- Source: ORF3c
ORF3c is a gene found in coronaviruses of the subgenus Sarbecovirus, including SARS-CoV and SARS-CoV-2. It was first identified in the SARS-CoV-2 genome and encodes a 41 amino acid non-structural protein of unknown function. It is also present in the SARS-CoV genome, but was not recognized until the identification of the SARS-CoV-2 homolog.
Nomenclature
There has been significant confusion in the scientific literature around the nomenclature used for the accessory proteins of SARS-CoV-2, especially several overlapping genes with ORF3a. The predicted protein product of the ORF3c gene has at least once been referred to as "3b protein", but it is not to be confused with the non-homologous gene ORF3b. It has also been described under the names ORF3h and ORF3a.iORF1. The recommended nomenclature for SARS-CoV-2 uses the term ORF3c for this gene.
Comparative genomics
ORF3c is an overlapping gene whose open reading frame overlaps both ORF3a and ORF3d in the SARS-CoV-2 genome. This potentially represents a rare example of all three possible reading frames of the same sequence region encoding functional proteins.

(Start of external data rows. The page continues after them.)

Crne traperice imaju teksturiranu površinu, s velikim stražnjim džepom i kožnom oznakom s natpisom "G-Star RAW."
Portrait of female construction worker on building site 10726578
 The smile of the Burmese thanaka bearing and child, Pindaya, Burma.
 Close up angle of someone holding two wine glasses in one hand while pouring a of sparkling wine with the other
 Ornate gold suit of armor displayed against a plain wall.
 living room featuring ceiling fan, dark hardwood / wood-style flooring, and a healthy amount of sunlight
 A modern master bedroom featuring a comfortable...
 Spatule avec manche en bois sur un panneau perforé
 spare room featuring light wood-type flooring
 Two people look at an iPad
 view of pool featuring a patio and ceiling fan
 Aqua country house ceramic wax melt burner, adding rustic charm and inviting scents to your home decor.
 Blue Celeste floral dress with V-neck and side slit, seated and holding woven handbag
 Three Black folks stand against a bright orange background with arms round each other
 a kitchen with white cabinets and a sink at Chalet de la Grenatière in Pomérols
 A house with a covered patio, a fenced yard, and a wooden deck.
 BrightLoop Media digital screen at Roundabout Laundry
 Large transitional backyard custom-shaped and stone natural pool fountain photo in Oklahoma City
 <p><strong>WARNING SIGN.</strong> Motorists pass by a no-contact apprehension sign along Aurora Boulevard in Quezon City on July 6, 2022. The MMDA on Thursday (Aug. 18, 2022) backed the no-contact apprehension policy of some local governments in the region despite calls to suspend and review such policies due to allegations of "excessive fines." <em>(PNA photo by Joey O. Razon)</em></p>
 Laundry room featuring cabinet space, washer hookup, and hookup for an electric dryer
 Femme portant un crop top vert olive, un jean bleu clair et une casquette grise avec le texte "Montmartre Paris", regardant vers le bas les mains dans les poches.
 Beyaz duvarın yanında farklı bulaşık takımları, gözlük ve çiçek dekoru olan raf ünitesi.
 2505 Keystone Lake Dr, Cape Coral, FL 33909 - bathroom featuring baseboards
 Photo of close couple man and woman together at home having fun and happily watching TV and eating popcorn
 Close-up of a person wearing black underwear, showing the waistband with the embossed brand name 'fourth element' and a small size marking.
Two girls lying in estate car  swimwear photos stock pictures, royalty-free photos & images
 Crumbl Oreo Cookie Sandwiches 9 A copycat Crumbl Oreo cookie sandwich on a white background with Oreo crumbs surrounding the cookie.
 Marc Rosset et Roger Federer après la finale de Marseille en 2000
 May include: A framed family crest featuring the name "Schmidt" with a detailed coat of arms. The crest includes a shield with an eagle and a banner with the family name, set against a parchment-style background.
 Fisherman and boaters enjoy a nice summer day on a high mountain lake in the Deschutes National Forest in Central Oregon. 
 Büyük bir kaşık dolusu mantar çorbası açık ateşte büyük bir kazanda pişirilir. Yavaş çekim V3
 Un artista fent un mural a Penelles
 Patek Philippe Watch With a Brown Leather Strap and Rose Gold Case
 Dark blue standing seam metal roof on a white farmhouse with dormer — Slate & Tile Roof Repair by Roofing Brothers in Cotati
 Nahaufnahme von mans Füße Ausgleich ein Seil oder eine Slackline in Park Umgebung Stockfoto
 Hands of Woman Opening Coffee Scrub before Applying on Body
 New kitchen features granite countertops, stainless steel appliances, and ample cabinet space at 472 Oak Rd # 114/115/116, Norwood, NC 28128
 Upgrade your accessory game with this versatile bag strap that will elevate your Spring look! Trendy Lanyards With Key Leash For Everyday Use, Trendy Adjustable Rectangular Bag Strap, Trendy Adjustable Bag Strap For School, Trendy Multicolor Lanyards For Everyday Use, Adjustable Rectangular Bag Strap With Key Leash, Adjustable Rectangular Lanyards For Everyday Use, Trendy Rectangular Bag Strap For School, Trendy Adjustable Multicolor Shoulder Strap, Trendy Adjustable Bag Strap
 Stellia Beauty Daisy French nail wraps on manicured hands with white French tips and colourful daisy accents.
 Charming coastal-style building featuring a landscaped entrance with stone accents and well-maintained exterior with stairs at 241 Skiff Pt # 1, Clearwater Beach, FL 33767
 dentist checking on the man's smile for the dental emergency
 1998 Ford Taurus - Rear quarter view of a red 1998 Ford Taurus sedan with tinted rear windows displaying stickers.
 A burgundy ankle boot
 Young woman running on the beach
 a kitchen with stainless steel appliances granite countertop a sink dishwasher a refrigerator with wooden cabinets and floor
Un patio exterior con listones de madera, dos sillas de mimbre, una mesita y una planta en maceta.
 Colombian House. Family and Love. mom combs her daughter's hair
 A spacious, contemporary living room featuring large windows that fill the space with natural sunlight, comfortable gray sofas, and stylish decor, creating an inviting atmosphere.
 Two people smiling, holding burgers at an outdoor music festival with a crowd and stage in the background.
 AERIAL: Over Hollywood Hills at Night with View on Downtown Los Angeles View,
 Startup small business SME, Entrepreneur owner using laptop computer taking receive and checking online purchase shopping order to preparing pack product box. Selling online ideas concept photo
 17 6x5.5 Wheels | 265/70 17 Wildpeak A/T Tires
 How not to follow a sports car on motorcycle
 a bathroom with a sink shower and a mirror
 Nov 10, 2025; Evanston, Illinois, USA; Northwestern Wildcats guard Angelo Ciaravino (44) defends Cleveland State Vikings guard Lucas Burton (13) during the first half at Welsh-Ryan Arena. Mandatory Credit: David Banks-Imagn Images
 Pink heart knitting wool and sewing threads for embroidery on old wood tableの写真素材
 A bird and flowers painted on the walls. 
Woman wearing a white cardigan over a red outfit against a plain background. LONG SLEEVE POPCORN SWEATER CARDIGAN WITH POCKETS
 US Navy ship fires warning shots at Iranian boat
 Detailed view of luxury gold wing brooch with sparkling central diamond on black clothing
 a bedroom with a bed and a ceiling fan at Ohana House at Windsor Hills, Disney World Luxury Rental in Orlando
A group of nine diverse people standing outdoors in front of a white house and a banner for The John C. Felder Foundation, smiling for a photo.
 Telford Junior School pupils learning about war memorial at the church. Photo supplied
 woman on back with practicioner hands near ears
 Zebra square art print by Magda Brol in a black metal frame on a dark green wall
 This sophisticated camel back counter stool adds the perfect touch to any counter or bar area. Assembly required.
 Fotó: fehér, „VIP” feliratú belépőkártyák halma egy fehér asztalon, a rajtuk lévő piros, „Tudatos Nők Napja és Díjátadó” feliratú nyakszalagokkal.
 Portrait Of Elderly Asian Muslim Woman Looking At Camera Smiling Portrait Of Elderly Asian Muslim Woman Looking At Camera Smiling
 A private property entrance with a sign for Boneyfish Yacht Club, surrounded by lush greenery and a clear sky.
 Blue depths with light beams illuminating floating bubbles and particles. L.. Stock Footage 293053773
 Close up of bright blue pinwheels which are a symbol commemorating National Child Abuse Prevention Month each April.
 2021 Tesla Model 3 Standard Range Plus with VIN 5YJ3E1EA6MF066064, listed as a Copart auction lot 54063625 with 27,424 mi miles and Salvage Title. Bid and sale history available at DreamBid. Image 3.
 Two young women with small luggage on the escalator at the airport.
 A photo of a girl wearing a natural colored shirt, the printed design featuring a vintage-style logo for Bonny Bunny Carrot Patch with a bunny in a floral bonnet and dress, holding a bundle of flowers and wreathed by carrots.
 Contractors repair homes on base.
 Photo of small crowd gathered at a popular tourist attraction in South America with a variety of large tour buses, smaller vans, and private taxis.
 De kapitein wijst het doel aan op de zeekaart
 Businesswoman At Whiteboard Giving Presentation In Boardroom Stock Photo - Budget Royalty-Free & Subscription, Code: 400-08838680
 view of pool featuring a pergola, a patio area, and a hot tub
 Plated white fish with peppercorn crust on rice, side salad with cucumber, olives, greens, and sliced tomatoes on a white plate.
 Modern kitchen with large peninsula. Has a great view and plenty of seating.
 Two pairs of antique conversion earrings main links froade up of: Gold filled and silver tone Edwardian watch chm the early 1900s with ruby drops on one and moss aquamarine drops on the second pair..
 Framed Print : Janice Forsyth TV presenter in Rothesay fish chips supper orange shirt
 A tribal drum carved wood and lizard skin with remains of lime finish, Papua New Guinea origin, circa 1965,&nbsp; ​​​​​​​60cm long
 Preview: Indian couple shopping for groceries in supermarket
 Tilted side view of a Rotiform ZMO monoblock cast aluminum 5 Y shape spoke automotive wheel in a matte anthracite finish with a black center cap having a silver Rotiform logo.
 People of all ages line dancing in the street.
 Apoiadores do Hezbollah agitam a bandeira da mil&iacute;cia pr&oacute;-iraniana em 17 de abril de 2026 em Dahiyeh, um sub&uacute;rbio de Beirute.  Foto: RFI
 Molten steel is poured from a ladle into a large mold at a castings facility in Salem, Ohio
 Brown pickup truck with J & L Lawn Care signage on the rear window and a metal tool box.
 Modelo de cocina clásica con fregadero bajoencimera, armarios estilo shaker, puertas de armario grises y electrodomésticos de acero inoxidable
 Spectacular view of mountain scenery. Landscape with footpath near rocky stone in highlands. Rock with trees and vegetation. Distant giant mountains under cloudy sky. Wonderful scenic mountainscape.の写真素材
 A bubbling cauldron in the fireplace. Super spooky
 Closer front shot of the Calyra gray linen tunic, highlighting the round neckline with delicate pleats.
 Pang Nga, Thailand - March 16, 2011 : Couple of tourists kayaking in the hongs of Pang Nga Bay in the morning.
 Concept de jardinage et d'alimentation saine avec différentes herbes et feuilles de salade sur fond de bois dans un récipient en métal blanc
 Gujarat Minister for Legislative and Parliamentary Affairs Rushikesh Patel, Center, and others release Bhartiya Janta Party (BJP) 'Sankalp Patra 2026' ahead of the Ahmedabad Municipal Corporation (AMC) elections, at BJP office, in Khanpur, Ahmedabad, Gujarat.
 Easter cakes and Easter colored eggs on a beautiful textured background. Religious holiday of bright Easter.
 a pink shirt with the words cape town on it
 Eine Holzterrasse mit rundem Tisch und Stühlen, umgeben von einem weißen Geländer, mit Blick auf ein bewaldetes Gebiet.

Bioinformatics analyses of Sarbecovirus sequences suggest that the sequence and length of ORF3c are well conserved, indicating that it is likely to encode a functional protein. It appears to be subject to purifying selection.
Properties
Ribosome profiling experiments confirm that the ORF3c gene expresses a protein product. The relatively short 41-residue protein is predicted to contain a transmembrane domain and has features suggestive of a viroporin.